There's an old curse that says "May you live in interesting times." When I was a kid growing up in the Bay Area in the 70's and 80's I couldn't help but feel I had missed out on such times. The Summer of Love was just shy of a generation before me, and my parents were mostly squares committed to being good Americans.
But, I saw glimpes of interesting things when we visited my uncle in San Francisco. He was a Harvy Milk generation gay man living in the Haight at that time. His life and friends seemed romantically exotic, and it was from my visits there that I got my first archetype of a Hippie. To me they were funny, and happy, and artistic and with some higher purpose (pun totally intended) that was beyond my own existence. So to me, old Hippies were more like a favorite uncle. And I'll admit that as a result of those encounters, throughout my teens, I secretly mourned that I was born too late to be a Hippie.
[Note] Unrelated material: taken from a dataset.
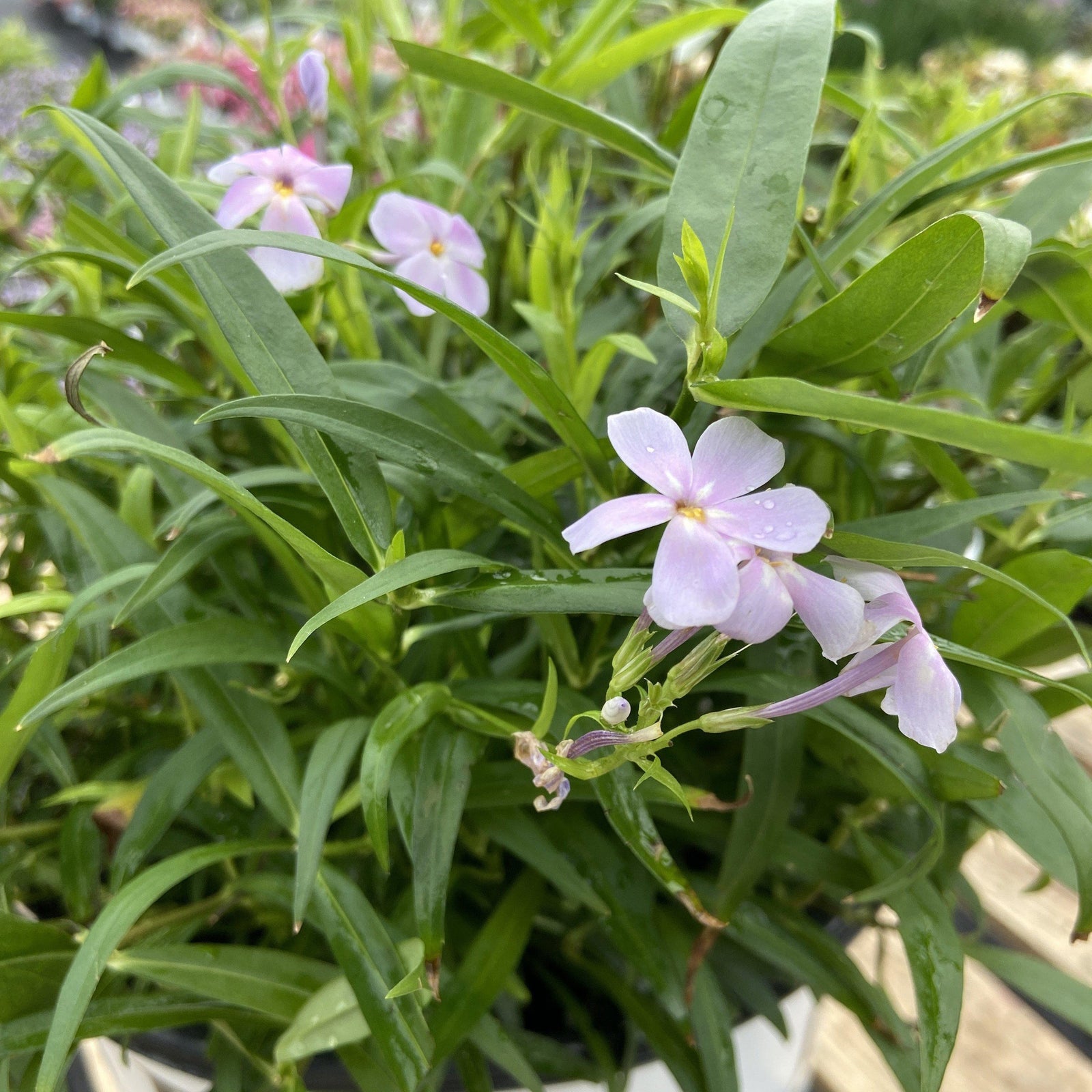 Phlox 'opening act pink – a – dot’ ~ phlox hybrid - Delivered By ServeScape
It wasn't until Burning Man that I started to have a disdain for Hippies. You see, at Burning Man we have this ethos that is led by 10 principles, one of which is Radical Self Reliance. After several years of systemic preparation for my annual trek to the Playa, I began to grow weary of those who would rather rely on another Burning Man principle, Gifting. In fact it wasn't long before I started to despise the phrase, "the Playa provides." To me this was code for "I'm a hippie, you're suppose to take care of me." Almost overnight, I found exaggerated dread locks, drum circles and the smell of patchouli to be annoying. What was even more annoying was the notion that I was somehow lacking as a person for not living such an unconventional life.
When the first reports of Occupy Wall Street appeared in mainstream media, I recognized the embodiment of the movement, and that created a momentary conflict for me. The statistic used to measure who has most of the wealth in this country was something I was already very familiar with. Thus, my disdain for Hippies had to take a back seat to my sense of social justice, which I ironically acquired in Catholic high school.
Now, as the Occupy movement has moved beyond Wall Street to include union members, airline pilots and veterans, I can't help but think one of two things: either somebody, somewhere cast a curse upon us for interesting times, or at some point in the early 80's I wished too hard to be able to identify with Hippies.